The folder tests/recipes is introduced for tracking all the recipes and their connected resources (e.g., HuggingFace repo, README files, recipe folders, etc).
Each CSV file in that folder corresponds to one recipe dataset and enlists depending recipe tests.
When you write a new recipe (e.g., recipes/your_dataset/) you need to:
- ensure the CSV file
tests/recipes/your_dataset.csvexists (simply copy the header from another CSV) - add a new line to the
tests/recipes/your_dataset.csv.
More specifically, you have to fill the following fields:
- Task (mandatory):
The task that the recipe is addressing (e.g..

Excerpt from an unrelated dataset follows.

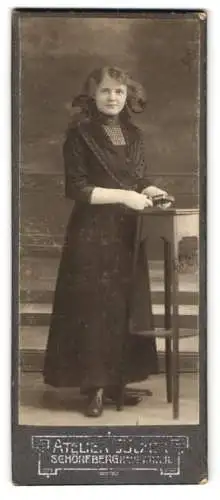 Fotografie A. Weiss & Co., Berlin, Hauptstrasse 11, Frau in elegantem Kleid an einem Tisch lehnend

ASR). - Dataset (mandatory):
Dataset of the recipe (e.g.
LibriSpeech). - Script_file (mandatory):
Training script of the recipe (e.g.,
recipes/LibriSpeech/ASR/CTC/train_with_wav2vec.py) - Hparam_file (mandatory):
Hyperparameter file of the recipe (e.g.,
recipes/LibriSpeech/ASR/CTC/hparams/train_with_wav2vec.yaml) - Data_prep_file (optional):
Data preparation file (e.g.,
recipes/LibriSpeech/librispeech_prepare.py) - Readme_file (mandatory):
Readme file describing the recipe (e.g.,
recipes/LibriSpeech/ASR/CTC/README.md) - Result_url (mandatory):
URL where the output folder is stored (e.g.,
https://www.dropbox.com/sh/qj2ps85g8oiicrj/AAAxlkQw5Pfo0M9EyHMi8iAra?dl=0). Note that with SpeechBrain we would like to make available the full output folder to the users. The output folder contains the logs, checkpoints, etc that help users debug and reproduce the results. Make sure this URL is mentioned in the README file. - HF_repo (optional):
Link to the HuggingFace repository containing the pre-trained model (e.g.,
https://huggingface.co/speechbrain/asr-wav2vec2-librispeech). If specified, it must be mentioned in the README file. - test_debug_flags (optional):
This optional field reports the flags to run recipe tests (see
tests/.run-recipe-tests.sh). The goal of the recipe tests is to run an experiment with a tiny dataset and 1-make sure it runs 2-make sure it overfits properly. For instance,--data_folder=tests/samples/ASR/ --train_csv=tests/samples/annotation/ASR_train.csv --valid_csv=tests/samples/annotation/ASR_train.csv --test_csv=[tests/samples/annotation/ASR_train.csv] --number_of_epochs=10 --skip_prep=Truewill run an experiment with the given train and hparams files using a tiny dataset (ASR_train.csv) - test_debug_checks (optional)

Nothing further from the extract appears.